Dossier Shanghai Surprise, avec Madonna, affiche 4X3

Illustrateur Jean Mascii – © 1986 HandMade Films

1986, l’année des désastres cinématographiques

Critique : Shanghai surprise a été l’un des bides cinglants de l’année 1986 pourtant riche en accidents industriels iconiques. En effet, 1986 fut l’année de Howard le Canard produit par George Lucas, Legend avec Tom Cruise, Labyrinthe et Absolute Beginners avec David Bowie, Jack Burton dans les griffes du Mandarin de John Carpenter, Under the Cherry Moon avec Prince, Nuit de noces chez les fantômes, Massacre à la tronçonneuse 2 et L’invasion vient de Mars de Tobe Hooper, Maximum Overdrive de Stephen King, Wise Guys de Brian de Palma, Sans Pitié avec Richard Gere et Kim Basinger, 9 semaines 1/2, avec Basinger et Rourke, Enemy Mine de Wolfgang Petersen, Le flic était presque parfait de Michael Dinner, Tai-Pan avec Bryan Brown, Power les coulisses du pouvoir de Sidney Lumet, Manhattan Project, King Kong 2, Pirates de Polanski, Sky Bandits… Cette année-là, à Hollywood, c’était du quitte ou double.

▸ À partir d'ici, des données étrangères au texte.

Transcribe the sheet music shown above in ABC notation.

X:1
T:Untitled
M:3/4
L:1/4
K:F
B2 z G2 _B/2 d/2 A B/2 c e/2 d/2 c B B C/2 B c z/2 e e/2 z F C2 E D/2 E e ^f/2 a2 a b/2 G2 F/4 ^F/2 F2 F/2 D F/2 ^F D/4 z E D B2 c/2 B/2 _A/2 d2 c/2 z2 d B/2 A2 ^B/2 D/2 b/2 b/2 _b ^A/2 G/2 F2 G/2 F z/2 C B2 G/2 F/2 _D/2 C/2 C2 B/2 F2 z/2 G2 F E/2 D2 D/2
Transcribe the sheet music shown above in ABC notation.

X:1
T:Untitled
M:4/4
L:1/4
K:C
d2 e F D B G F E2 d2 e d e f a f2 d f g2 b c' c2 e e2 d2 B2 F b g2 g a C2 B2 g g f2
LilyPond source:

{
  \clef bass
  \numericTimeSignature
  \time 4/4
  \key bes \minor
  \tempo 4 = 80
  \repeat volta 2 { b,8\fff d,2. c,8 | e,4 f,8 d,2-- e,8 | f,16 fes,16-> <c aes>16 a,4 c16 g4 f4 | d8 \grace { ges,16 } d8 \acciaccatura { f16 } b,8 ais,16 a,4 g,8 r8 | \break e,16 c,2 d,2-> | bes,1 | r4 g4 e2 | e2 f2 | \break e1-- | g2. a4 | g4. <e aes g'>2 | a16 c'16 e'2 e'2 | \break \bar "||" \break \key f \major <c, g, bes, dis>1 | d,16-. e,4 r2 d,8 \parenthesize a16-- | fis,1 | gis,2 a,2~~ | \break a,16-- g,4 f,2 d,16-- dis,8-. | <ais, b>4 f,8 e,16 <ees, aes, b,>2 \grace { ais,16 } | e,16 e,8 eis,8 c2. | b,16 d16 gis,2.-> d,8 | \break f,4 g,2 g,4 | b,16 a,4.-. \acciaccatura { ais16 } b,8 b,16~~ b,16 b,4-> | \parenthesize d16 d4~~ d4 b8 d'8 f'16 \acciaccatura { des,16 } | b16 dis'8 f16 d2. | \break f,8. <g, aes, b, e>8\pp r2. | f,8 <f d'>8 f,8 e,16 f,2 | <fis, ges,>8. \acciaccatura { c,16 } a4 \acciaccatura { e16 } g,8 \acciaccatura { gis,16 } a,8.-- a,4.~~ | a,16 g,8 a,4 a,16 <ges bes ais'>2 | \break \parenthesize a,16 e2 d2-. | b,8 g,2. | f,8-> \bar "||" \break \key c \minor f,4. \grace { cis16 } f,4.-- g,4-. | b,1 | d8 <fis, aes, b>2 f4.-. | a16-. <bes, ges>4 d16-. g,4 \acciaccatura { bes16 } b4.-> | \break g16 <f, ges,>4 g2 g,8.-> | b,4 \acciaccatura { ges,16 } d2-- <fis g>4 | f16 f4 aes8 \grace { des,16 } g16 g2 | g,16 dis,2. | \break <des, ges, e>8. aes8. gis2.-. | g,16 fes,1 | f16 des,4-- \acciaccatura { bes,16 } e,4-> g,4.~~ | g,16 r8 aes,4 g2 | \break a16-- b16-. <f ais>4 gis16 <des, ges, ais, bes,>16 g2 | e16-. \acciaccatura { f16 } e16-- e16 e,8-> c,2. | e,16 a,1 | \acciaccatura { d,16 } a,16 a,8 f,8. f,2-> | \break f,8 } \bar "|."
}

Shanghai Surprise, premier flop officiel de Madonna dans une carrière de légende

Provocante. Irrésistible. Quand la plus grande star du moment chute au box-office, les journaux en font leurs choux gras. Shanghaï Surprise, deuxième effort cinématographique de la madone, engrange des pertes de plus de 15M$ au box-office américain. Tout Hollywood est en émoi : Madonna connaît officiellement le premier échec de sa carrière fulgurante, l’été même où paraît son troisième album, True Blue, qui restera, hors compilations, son blockbuster musical, avec plus de 25 millions de ventes.

Madonna entamait à peine quatre ans plus tôt son marathon avec le single Everybody en octobre 1982. Depuis, en pleine ascension, la jeune femme, mi-punk mi-nympho, cumule les hit-singles : Burning Up, Physical Attraction, Lucky Star, Holiday, Borderline, Like a Virgin, Material Girl, Crazy for You, Into the Groove, Dress You Up, Gambler... Même durant l’été où paraît Shanghai Surprise, les charts mondiaux s’embrasent encore sur ses 45 tours (Papa don’t Preach, True Blue), alors que l’artiste cumule deux premiers albums stellaires.

Pour Madonna, Shanghai Surprise devait être une confirmation. La tournée américano-américaine du Virgin Tour en 1985 a démontré les passions du public pour un personnage de crucifix et de froufrous qui a fait sauter l’audimat des MTV Awards, en 1984, dans une robe de mariée débordante de sexualité. Les jeunes Américaines sont des “Wannabes” et le phénomène s’exporte dans les salles avec la programmation d’une comédie indépendante totalement new wave, Recherche Susan Désespérément dont elle incarne la Susan tant convoitée. L’indie movie de Susan Seidelman suscite les passions.

Everybody de Madonna, pochette de la version anniversaire (2022)

Everybody (40th Anniversary), sortie le 25 novembre 2022
© Rhino – Warner

L’après Recherche Susan Désespérément d’une chanteuse actrice

Recherche Susan Désespérément, que la jeune femme a tourné dans l’anonymat, engage immédiatement Madonna à envisager une carrière au cinéma. Les studios hollywoodiens courtisent la star avec des tonnes de blockbusters et comédies à la mode. Pendant une dizaine d’années, la chanteuse va être perçue à la fois comme chanteuse et actrice du fait d’avoir émergé simultanément à l’écran et au cinéma. C’est à cette époque qu’elle dit non à Boire et déboires de Blake Edwards, ne voulant pas partager la vedette avec Bruce Willis. Kim Basinger la remplacera illico.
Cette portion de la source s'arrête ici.